= Lori Bettison-Varga =

American geologist

Lori Bettison-Varga (born March 1962) is an American geologist, academic administrator, and museum director. Since 2015, she has served as President and Director of the Natural History Museums of Los Angeles County, which includes the Natural History Museum in Exposition Park and La Brea Tar Pits in Hancock Park. Previously, she was president of Scripps College, and held positions at Pomona College, the College of Wooster, and Whitman College.

In November 2024, Bettison-Varga oversaw the opening of NHM Commons—a $75 million expansion funded by the Opening New Doors Campaign. The new addition includes new gathering spaces, a state-of-the-art theater, exhibitions, and programming that deepen public access to science, nature, and culture. The project has garnered critical acclaim and reflects her approach to civic engagement and capital transformation.

She is also spearheading the reimagination of the iconic La Brea Tar Pits Museum, an initiative that connects Ice Age fossil discoveries to urgent issues like biodiversity loss and ecological change. Designed by Weiss/Manfredi, the project aims to redefine how museums can bridge the past and future. The firm's selection was partially made through an unusual community voting process.

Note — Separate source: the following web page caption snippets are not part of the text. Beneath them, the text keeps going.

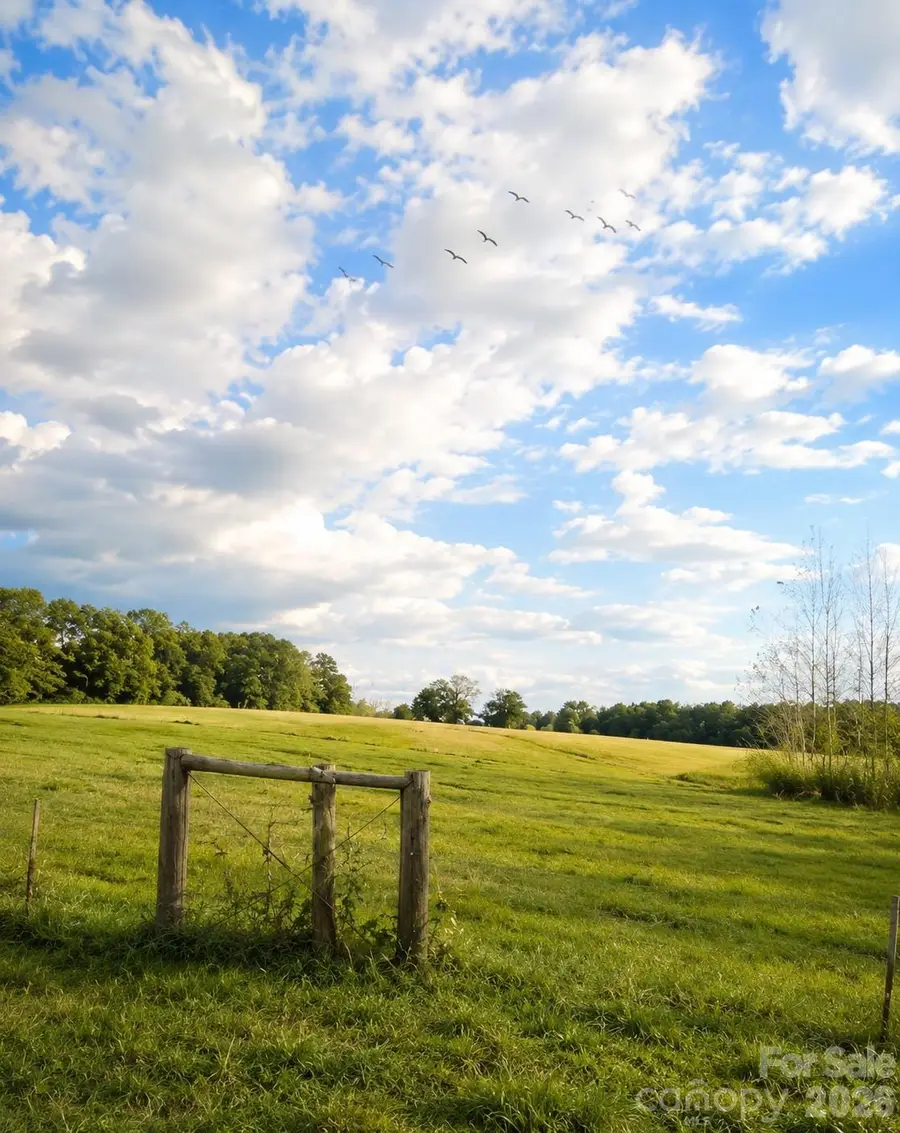 678 Old Stage Road, Edgefield, SC 29824 - #3
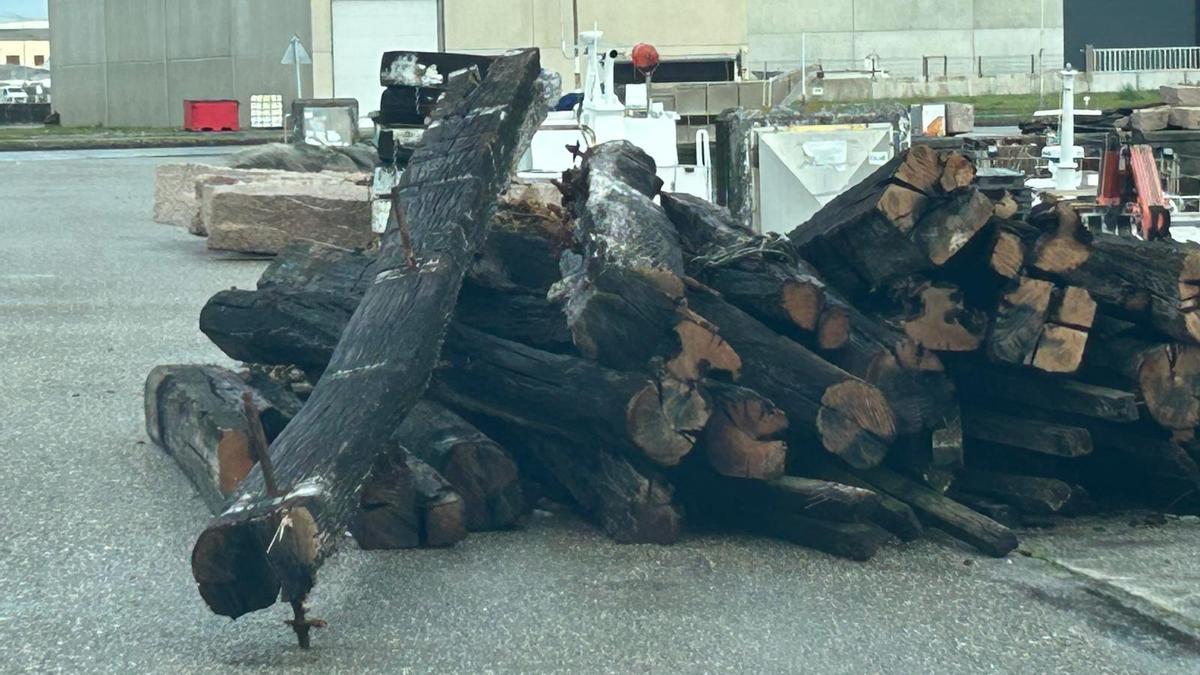 Restos de bateas acumulados en la zona portuaria de Meloxo.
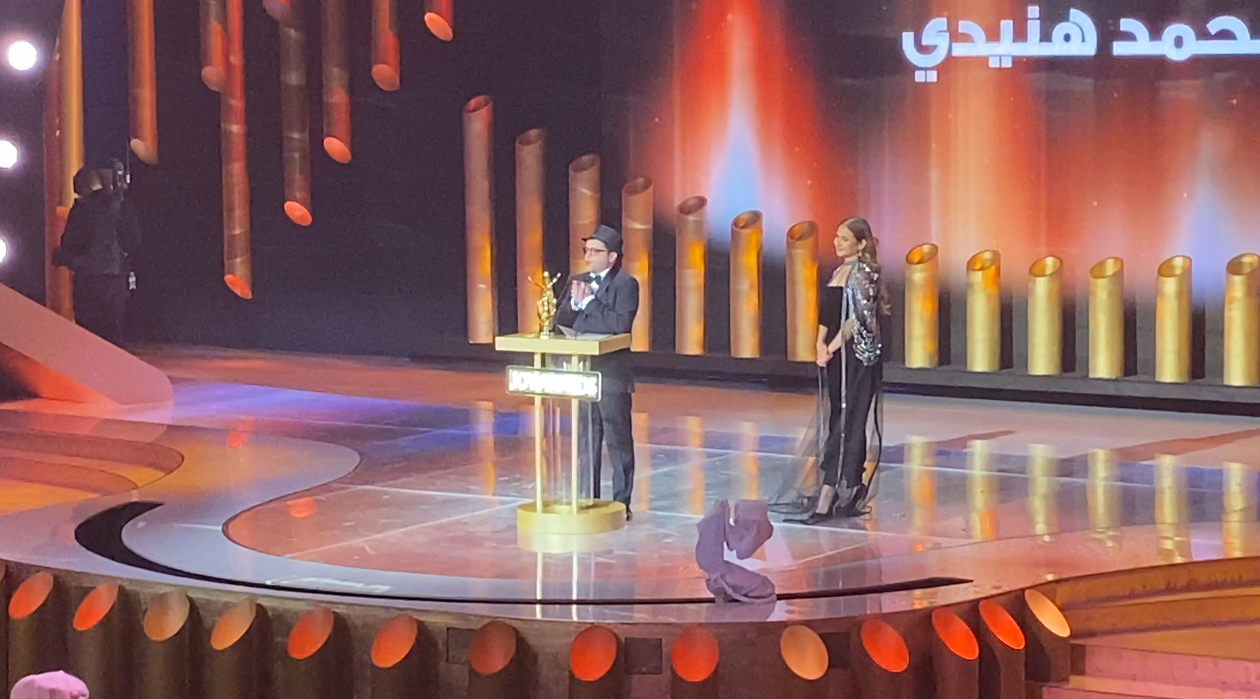 محمد هنيدى وكارمن بصيبص فى حفل جوائز JOY AWARDS (4)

In 2022, Bettison-Varga was named a Fellow of the American Association for the Advancement of Science for her distinguished contributions to undergraduate education and science communication. She serves on the boards of the American Alliance of Museums and the Association of Science and Technology Centers.

Raised in Long Beach, California, Bettison-Varga earned her doctorate in geology from UC Davis.